ASSIGNED TASK >> Word for word, restate the lines of the data below between those holding "pánské kalhoty NEW" and "2079 Gary Crescent, Burlington, ON", inclusive; pictures do not belong in the copy.

RECORDS FOR THIS TASK >>
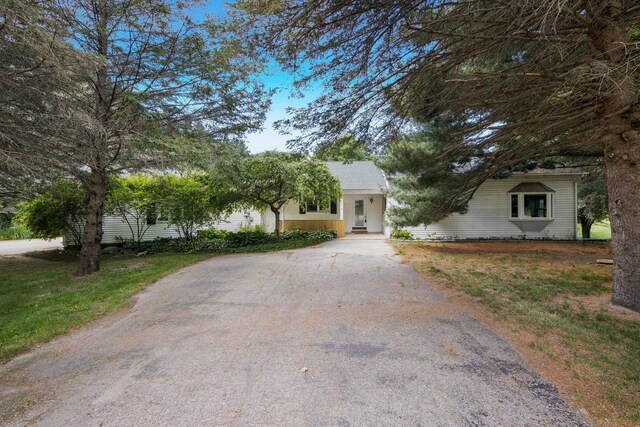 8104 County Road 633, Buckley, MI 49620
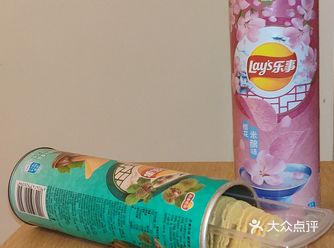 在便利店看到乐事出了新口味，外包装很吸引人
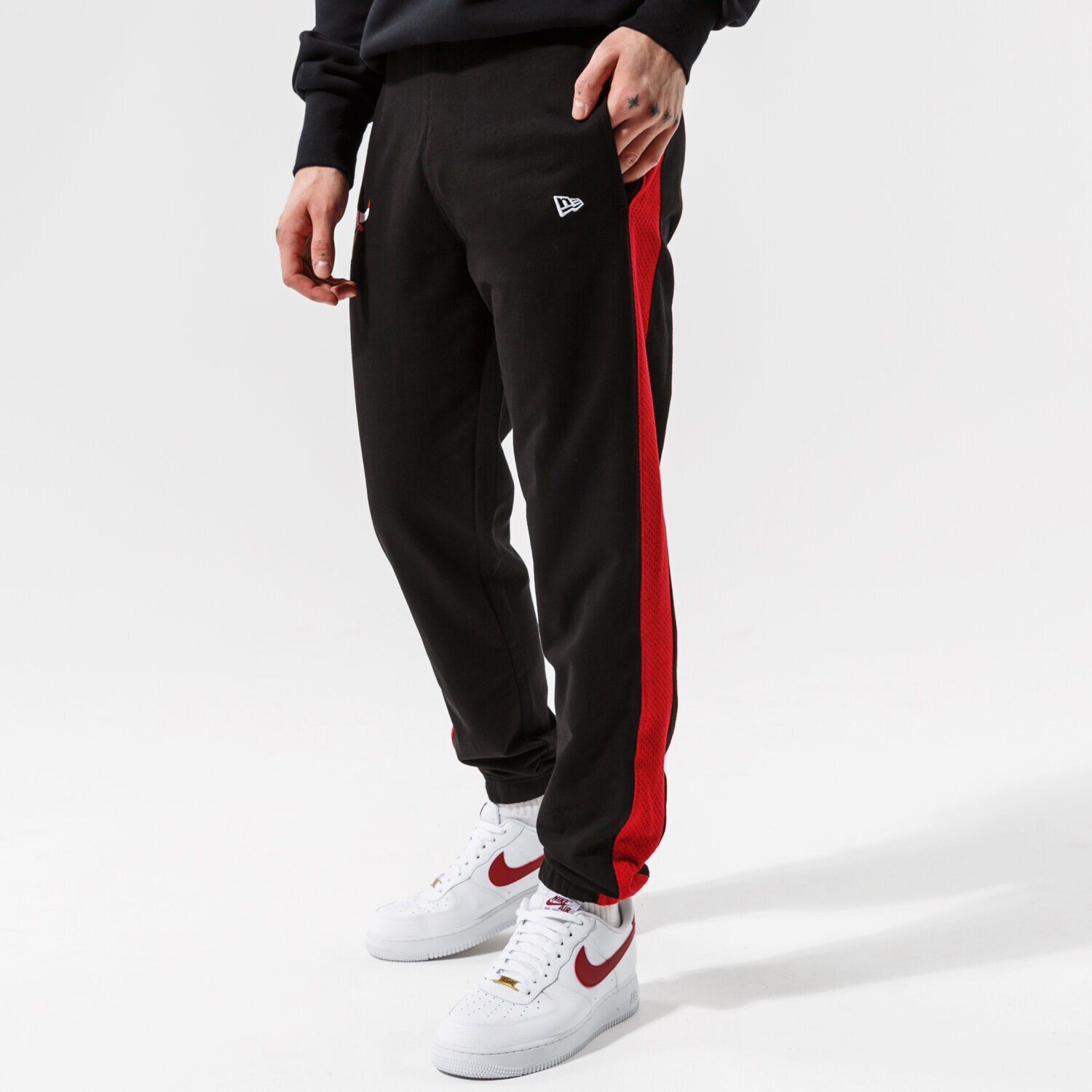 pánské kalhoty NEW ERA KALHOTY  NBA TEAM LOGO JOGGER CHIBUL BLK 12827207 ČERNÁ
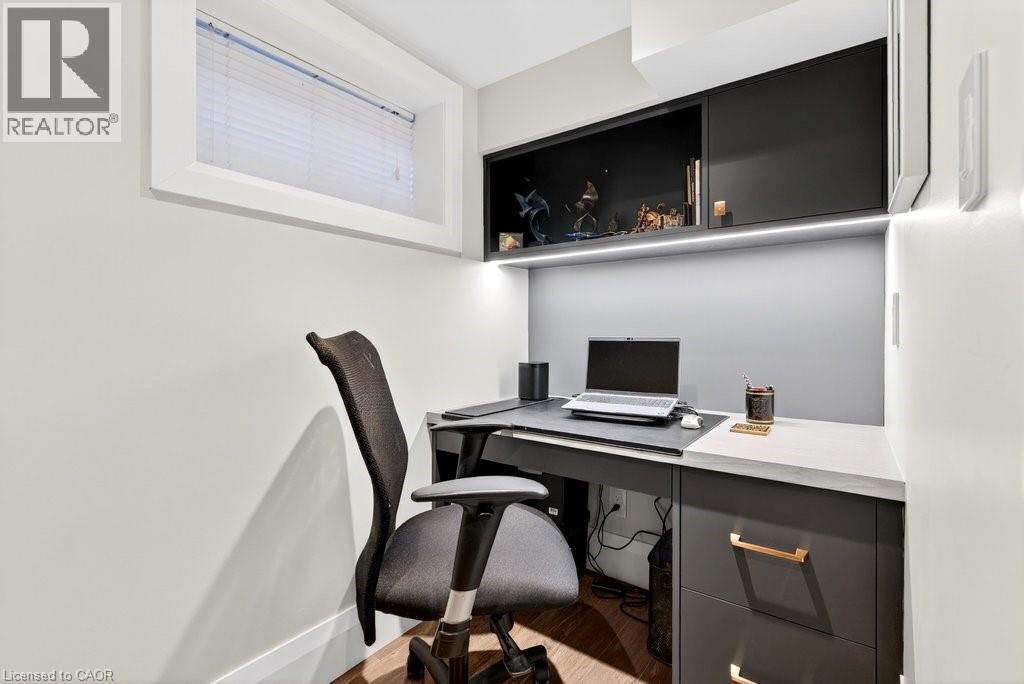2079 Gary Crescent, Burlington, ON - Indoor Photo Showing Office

==

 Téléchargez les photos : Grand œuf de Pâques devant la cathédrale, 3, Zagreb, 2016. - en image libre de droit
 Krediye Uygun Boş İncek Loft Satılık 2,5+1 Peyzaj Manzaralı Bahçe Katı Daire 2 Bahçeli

RESPONSE >>
 pánské kalhoty NEW ERA KALHOTY  NBA TEAM LOGO JOGGER CHIBUL BLK 12827207 ČERNÁ
2079 Gary Crescent, Burlington, ON - Indoor Photo Showing Office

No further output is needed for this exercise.